On freeways in Michigan where the state increased speed limits to 75 mph, crashes rose to 4,264 in 2018 — the most in five years and up 17% from the annual average of 3,637 from 2014 to 2016, reports Bridge Magazine.
By comparison, crashes rose just 3% on all Michigan roadways over the same time span.
In 2017, a Michigan law went into effect that raised speed limits from 70 mph to 75 mph on 614 miles of rural freeways, notes the report.
State records indicate that average speeds have increased 2 mph and more drivers are traveling at over 80 mph. Meanwhile, not only collisions, but also injuries and fatalities increased at a higher rate on the freeways with the higher speed limit than on other Michigan roads in 2018.

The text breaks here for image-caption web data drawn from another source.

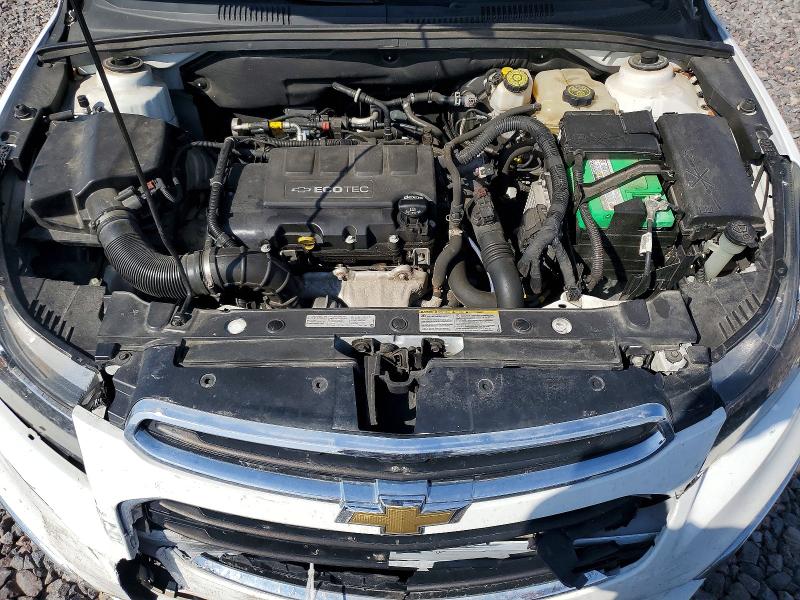 Aukcja sprzedaży 2015 Chevrolet Cruze, vin: 1G1PC5SBXF7130782, numer aukcji: 78291015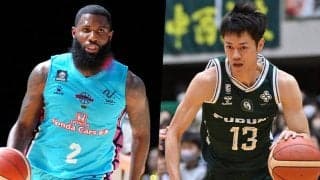 【佐賀vs西宮】佐賀は新アリーナでムード上昇…西宮はアップセットの勢いを持続したい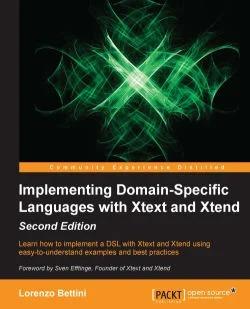 免费获取电子书 Implementing Domain-Specific Languages with Xtext and Xtend - Second Edition[$37.99→0]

Specifically, 589 of the crashes involved an injury and there were 14 crashes in which at least one person died, reports Bridge.

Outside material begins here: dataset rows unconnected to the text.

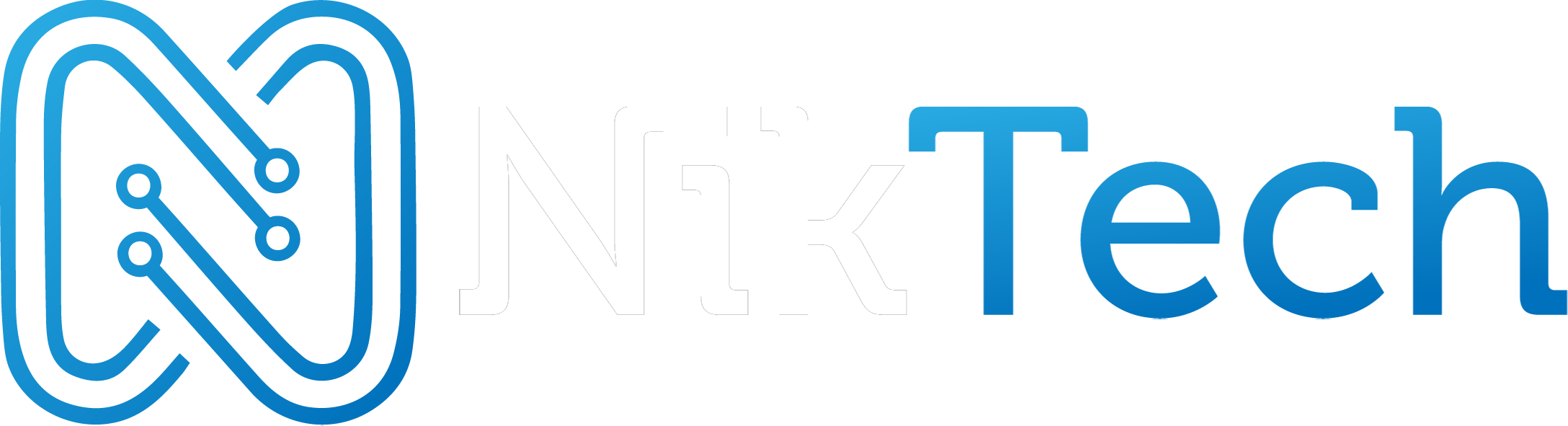 NikTech Webdesign | Website Erstellung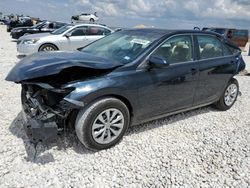 Toyota salvage cars for sale: 2015 Toyota Camry LE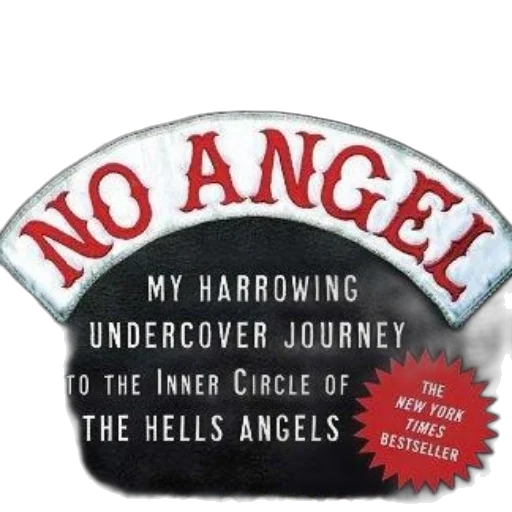 book, angel, jay, dobyns transparent PNG cut-out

The state is waiting to assess the impact of the new speed limits until it has at least three years of crash data, according to the report.
Experts caution that faster speeds increase the likelihood of crashes and their severity because drivers have less time to react.
Speeding remains a significant roadway hazard across the nation. Nearly 800 people lose their lives in speed-related crashes every month. In 2018, more than 9,000 fatalities — 26% of all crash deaths — were speed-related.